▶ What needs to be done: Only the lines from the one containing "IBL Metallhandel &" to the end of the records belong in the output; print them exactly.

▶ Data shown:
....................

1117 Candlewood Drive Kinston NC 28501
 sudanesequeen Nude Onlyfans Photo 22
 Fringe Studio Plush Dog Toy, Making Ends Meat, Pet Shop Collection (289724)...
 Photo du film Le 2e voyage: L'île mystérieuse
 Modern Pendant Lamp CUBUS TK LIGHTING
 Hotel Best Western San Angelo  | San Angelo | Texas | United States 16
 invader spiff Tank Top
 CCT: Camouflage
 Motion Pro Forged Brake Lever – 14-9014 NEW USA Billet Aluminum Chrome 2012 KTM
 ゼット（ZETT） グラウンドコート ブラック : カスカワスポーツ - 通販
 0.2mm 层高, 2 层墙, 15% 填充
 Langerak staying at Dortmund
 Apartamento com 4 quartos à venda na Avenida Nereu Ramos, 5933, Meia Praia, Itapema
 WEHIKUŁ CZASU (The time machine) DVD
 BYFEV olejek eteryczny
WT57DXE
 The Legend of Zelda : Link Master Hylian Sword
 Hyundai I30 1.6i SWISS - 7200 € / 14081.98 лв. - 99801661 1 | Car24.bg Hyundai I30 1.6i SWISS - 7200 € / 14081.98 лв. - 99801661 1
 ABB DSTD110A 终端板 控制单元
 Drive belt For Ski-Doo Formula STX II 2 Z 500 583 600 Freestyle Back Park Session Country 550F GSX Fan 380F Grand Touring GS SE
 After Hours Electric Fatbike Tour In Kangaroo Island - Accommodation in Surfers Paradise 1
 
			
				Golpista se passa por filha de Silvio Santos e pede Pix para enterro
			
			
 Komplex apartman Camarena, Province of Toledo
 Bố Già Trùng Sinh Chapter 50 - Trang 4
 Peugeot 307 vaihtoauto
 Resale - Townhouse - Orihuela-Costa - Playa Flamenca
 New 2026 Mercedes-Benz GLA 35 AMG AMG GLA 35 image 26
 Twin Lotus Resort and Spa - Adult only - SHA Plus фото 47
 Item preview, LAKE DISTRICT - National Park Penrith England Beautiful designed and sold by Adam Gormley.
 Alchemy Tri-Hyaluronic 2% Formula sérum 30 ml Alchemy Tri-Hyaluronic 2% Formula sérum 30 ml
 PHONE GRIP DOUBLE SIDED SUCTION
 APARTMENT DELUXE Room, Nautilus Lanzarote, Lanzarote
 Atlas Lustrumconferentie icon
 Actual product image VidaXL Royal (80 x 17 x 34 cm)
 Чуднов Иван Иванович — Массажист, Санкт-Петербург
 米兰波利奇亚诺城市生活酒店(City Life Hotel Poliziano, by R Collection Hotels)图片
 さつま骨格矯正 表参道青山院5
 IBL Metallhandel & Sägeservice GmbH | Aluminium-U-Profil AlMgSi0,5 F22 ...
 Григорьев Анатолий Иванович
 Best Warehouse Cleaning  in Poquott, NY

....................

▶ Solution to this problem:
 IBL Metallhandel & Sägeservice GmbH | Aluminium-U-Profil AlMgSi0,5 F22 ...
 Григорьев Анатолий Иванович
 Best Warehouse Cleaning  in Poquott, NY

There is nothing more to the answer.